Kiyochi looked over the side of it. "I thought you said you were the only who came in here," he said looking at Amaya. A small girl with blond hair was swimming in the water happily. She appeared to be bathing in the water. "Ah! That can't be good for the birds," Kiyochi said as he averted his eyes quickly.

Amaya decided to look over the rail to see exactly what Kiyochi was panicking about. Her eye twitched. "Mae, get out of the water! That's for the birds," she said seriously annoyed. "Are you using soap? That'll make them sick!"

Mae looked up to see Amaya standing on the ledge. She was standing with some boy she had never seen before. She waved happily. "Hi, Amaya! The water's nice and cold. Do you want to get in with me?" She watched the older girl turn her head disgusted. "Oh, don't be like that. I had to take a bath somewhere. This was the nicest place I could think of."

"Why did she choose to do it in a place such as this," Kiyochi said. He watched Amaya walk off to open a gate that led down to the water. Kiyochi followed her. They walked down a bunch of steps made of rock. Kiyochi noticed the steps led off to the left and went into a cave under the waterfall. "Where are we?"

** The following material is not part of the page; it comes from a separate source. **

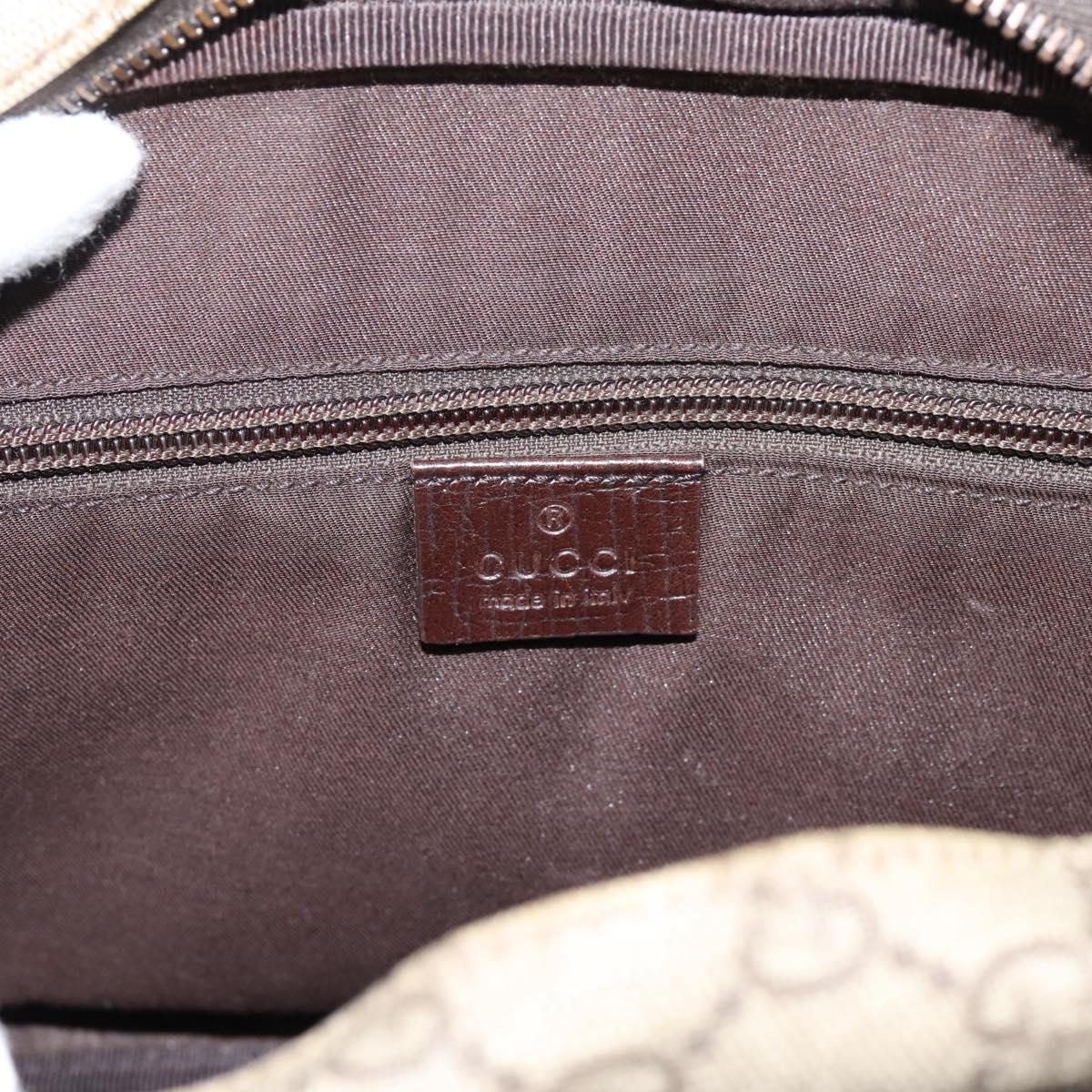 GUCCI GG Supreme Shoulder Bag PVC Beige Silver 114531 Auth 206613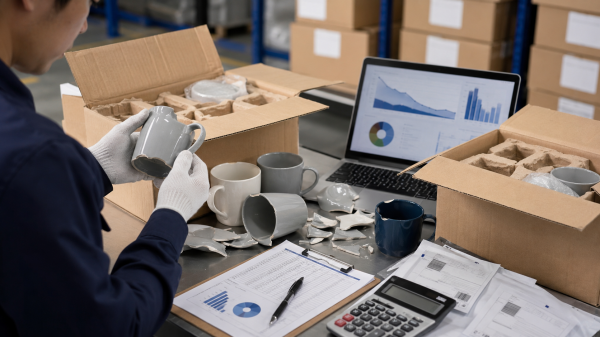 A broken ceramic mug next to an intact one, illustrating the high cost of a poor ceramic mug breakage rate shipping.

"It's a secret hideaway that was added to the sanctuary. It was supposed to be used to stock cargo, but we've found other uses for it," Amaya said as she passed a sleeping bag. It appeared Mae had made the cave her home for the time being. She looked at the girl as she waded at the edge of the water. "Are you going to stay in the water, or are you going to come out?"

Mae tilted her head. Her green eyes looked to the brown haired boy that was with Amaya. "Who is your friend? Is he one of us? No? It's not like you to associate with anyone that's normal." She smiled and laughed.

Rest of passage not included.